WORK ORDER:
Check every line of the data below for the word "https". Copy the ones that have it.

LISTED ENTRIES:

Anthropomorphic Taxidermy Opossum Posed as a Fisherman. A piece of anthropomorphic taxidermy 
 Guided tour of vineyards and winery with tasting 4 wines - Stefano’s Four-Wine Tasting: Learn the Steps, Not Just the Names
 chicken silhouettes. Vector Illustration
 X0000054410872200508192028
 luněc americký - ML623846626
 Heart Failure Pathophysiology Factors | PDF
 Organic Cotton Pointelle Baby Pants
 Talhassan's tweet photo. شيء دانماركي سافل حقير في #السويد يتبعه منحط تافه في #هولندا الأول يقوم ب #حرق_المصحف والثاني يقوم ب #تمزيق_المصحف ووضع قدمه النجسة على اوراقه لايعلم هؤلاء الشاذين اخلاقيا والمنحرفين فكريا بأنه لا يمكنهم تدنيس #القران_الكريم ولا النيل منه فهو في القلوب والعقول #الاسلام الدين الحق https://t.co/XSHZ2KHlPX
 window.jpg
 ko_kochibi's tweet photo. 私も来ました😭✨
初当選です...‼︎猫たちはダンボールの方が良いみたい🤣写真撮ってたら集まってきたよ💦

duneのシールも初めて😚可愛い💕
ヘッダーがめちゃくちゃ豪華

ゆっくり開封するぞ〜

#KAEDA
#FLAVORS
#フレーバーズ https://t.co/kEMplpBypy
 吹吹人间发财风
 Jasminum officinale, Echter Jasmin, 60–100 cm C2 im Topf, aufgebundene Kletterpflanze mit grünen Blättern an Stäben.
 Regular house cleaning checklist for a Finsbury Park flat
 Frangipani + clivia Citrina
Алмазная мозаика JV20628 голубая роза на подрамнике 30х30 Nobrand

OUTPUT BELOW:
 Talhassan's tweet photo. شيء دانماركي سافل حقير في #السويد يتبعه منحط تافه في #هولندا الأول يقوم ب #حرق_المصحف والثاني يقوم ب #تمزيق_المصحف ووضع قدمه النجسة على اوراقه لايعلم هؤلاء الشاذين اخلاقيا والمنحرفين فكريا بأنه لا يمكنهم تدنيس #القران_الكريم ولا النيل منه فهو في القلوب والعقول #الاسلام الدين الحق https://t.co/XSHZ2KHlPX
#フレーバーズ https://t.co/kEMplpBypy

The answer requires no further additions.